Natalie Rickli (40), Präsidentin der Verkehrskommission des Nationalrats, reagiert postwendend via Twitter: «Ich glaube, die Vertreter der Strassenverkehrsämter brauchen Erste Hilfe ...» Gegenüber BLICK erklärte die Winterthurerin ihre Reaktion.
Frau Rickli, Sie haben selber kürzlich den Nothelfer-Kurs für die Rettungstaucher-Ausbildung wiederholt. Wie viel haben Sie noch gewusst?
Natalie Rickli: Zugegebenermassen nicht mehr viel. Ich bin aber dankbar, habe ich das Wissen wieder aufgefrischt und Neues dazugelernt.
Was halten Sie von der Idee der Strassenverkehrsämter, den Nothelfer abzuschaffen?
Wenig. Unterlassene Nothilfe ist strafbar. Die Unfallsicherung und Erste-Hilfe-Leistung – im Bereich des Zumutbaren – können Schlimmeres verhindern. Wir setzen ein falsches Signal, wenn wir nur noch voraussetzen, die Rettungskräfte anzurufen. Denn bis diese eintreffen, geht viel Zeit verloren. Die ersten 15 Minuten sind entscheidend, sagt man. Jede Hilfe ist besser als keine. Zwar ist der Nothelferkurs in unserem Land an die Autoprüfung geknüpft, man darf aber nicht vergessen, dass man das Gelernte auch bei anderen Gelegenheiten anwenden kann.
Fordern Sie gar eine regelmässige Wiederholung des Nothelferkurses?

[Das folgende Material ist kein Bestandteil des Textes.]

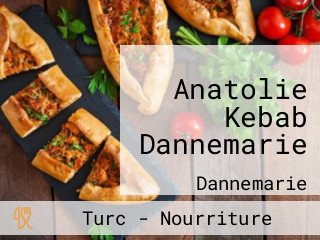 Anatolie Kebab Dannemarie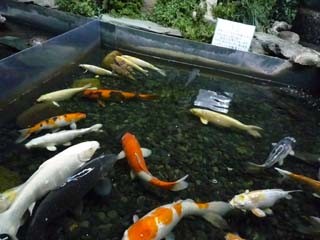 f:id:selmel:20081215153527j:image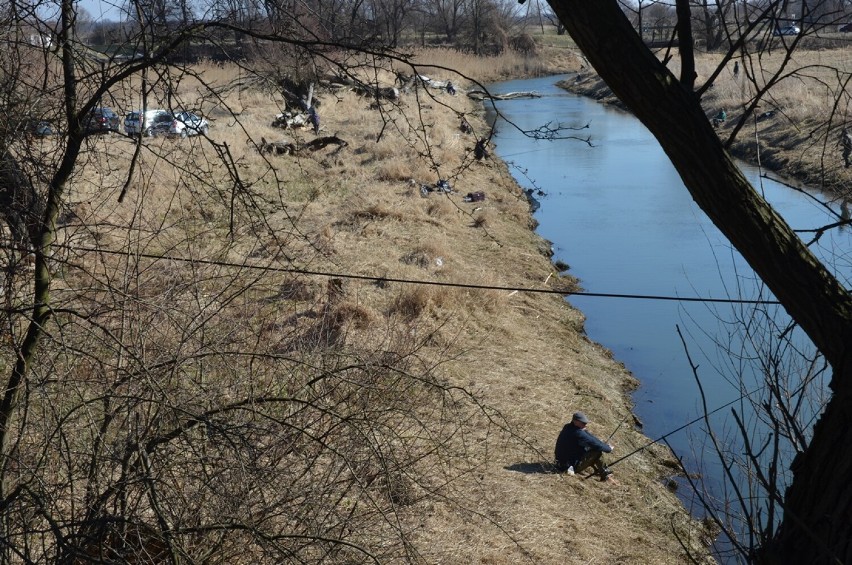 Głogów: Nad rzeką Czarna koło Widziszowa zaroiło  się od wędkarzy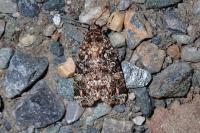 Callopistria latreillei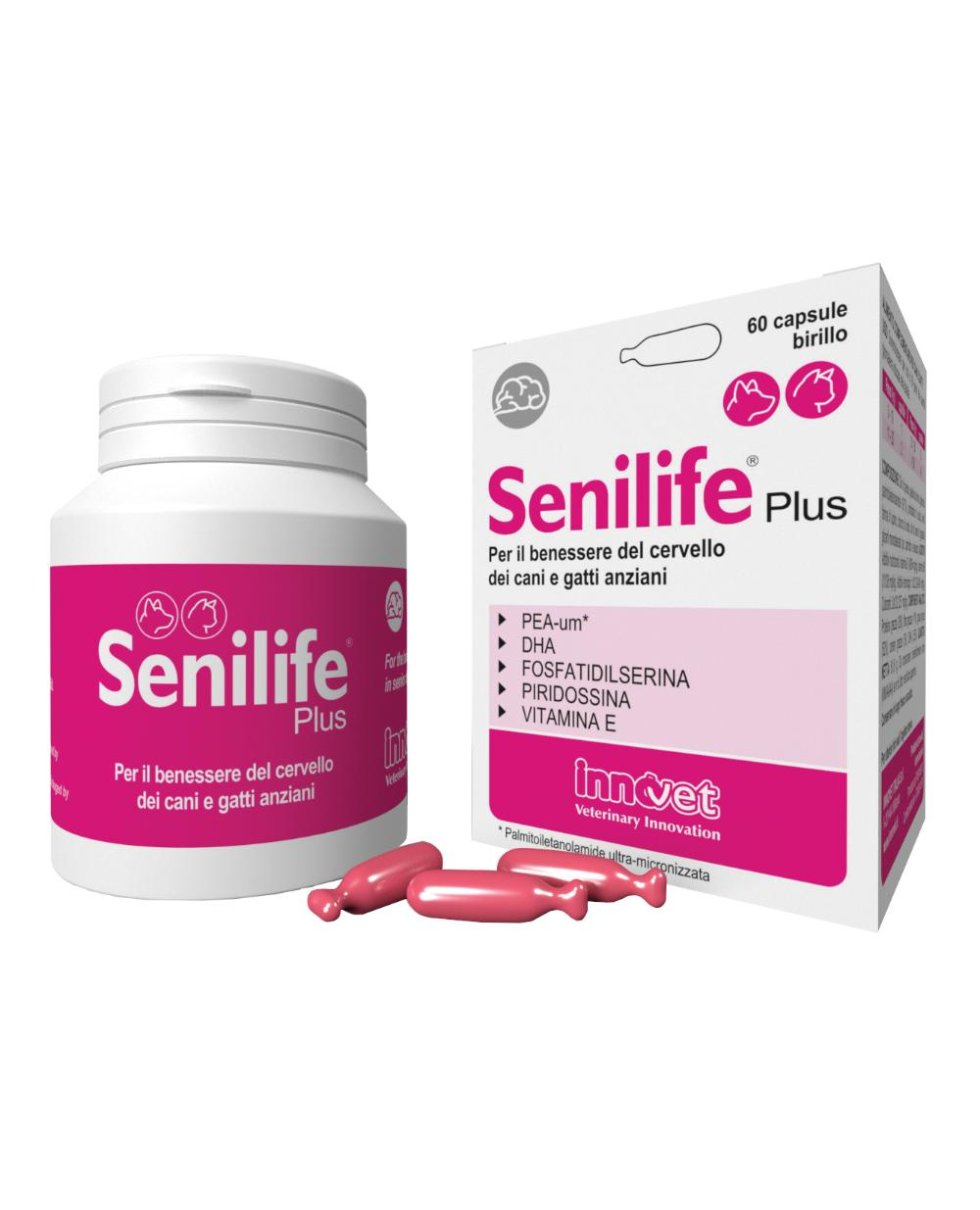 SENILIFE PLUS 60CPS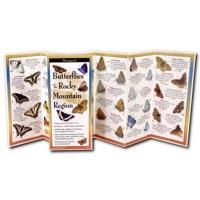 Butterflies of the Rocky Mountain Region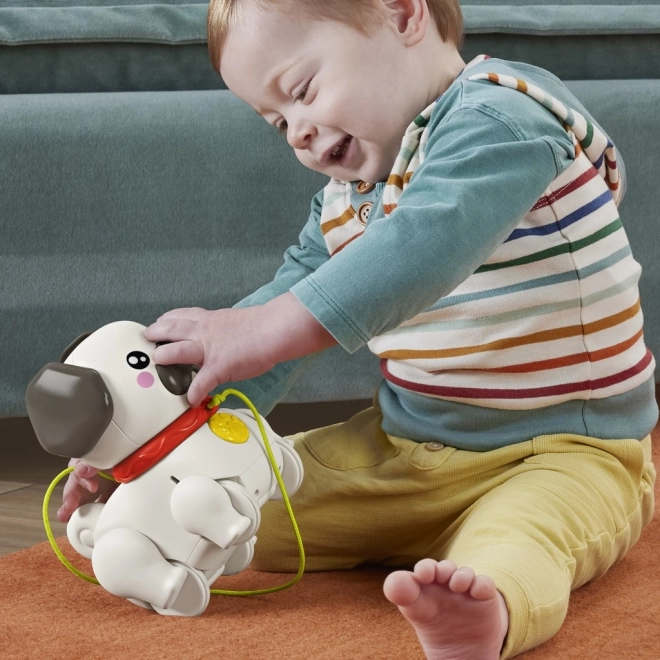 Fisher Price Sprehajalec mops HTW94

Nein, das liegt in der Eigenverantwortung der Bürgerinnen und Bürger. Im Eigeninteresse kann man selbst einen Auffrischungskurs besuchen. Wir brauchen nicht mehr Gesetze. Verbesserungen und Anpassungen des Nothelferkurses können diskutiert werden. Wichtig finde ich, dass die Grundlagen der Ersten Hilfe weiterhin praxisnah vermittelt werden.

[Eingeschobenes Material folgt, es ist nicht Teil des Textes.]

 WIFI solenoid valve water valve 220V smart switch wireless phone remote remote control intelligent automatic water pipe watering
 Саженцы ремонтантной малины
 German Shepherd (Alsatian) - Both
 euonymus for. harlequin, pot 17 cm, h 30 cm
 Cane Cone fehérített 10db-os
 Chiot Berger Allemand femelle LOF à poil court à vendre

Mussten Sie selbst einmal Erste Hilfe leisten?
Kürzlich ging es einer Frau in einem Restaurant in Zürich plötzlich sehr schlecht. Ich habe schnell reagiert, mit ihr gesprochen und versucht herauszufinden, was die besonderen Umstände waren, was sie gegessen und ob sie Allergien hat. Solche Informationen können für die Sanitäter wichtig sein. Glücklicherweise ging es ihr rasch besser. Ich hätte mir nicht vorstellen können, einfach dazusitzen und zu warten, bis die Sanitäter eintreffen.

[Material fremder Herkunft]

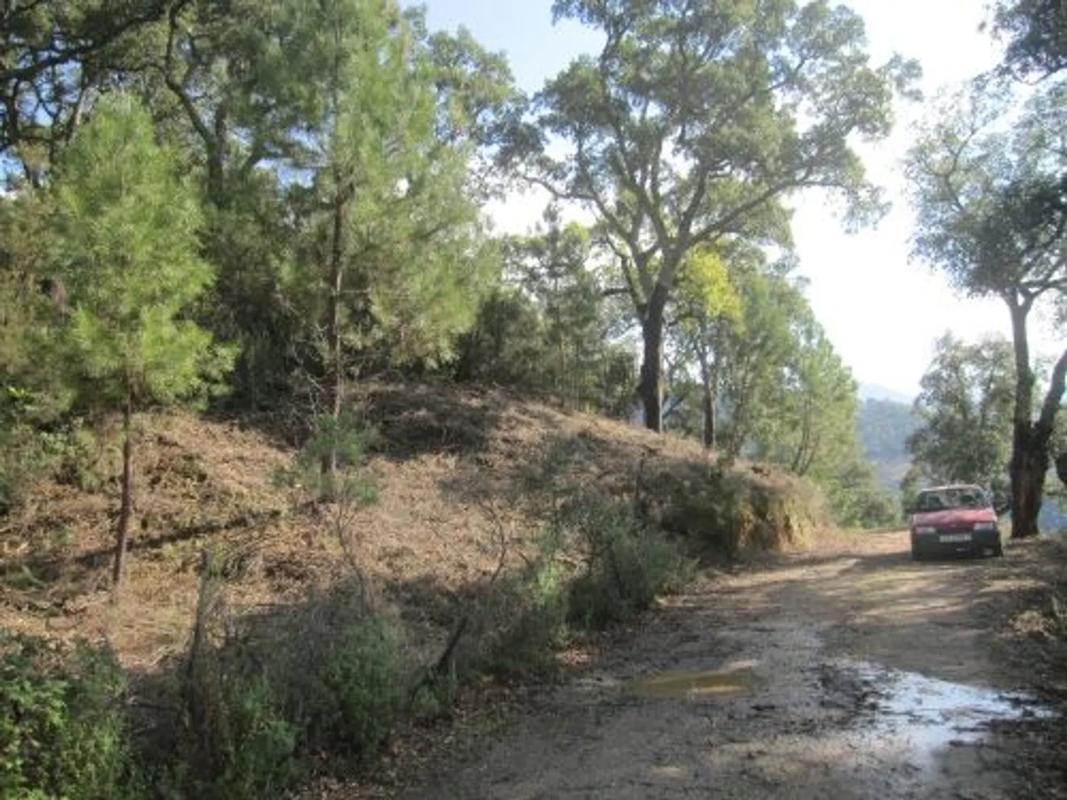Land for sale in Benarrabá, Malaga photo 2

Und selbst Erste Hilfe erhalten?
Als ich in Chile den Fuss gebrochen habe, war ich froh, dass die Personen um mich herum Kenntnisse der Erstversorgung besassen. Ich stand unter Schock. Sie haben mich beruhigt und den Fuss vorbildlich stabilisiert. Deshalb bin ich überzeugt: Dieses Wissen kann Menschen helfen.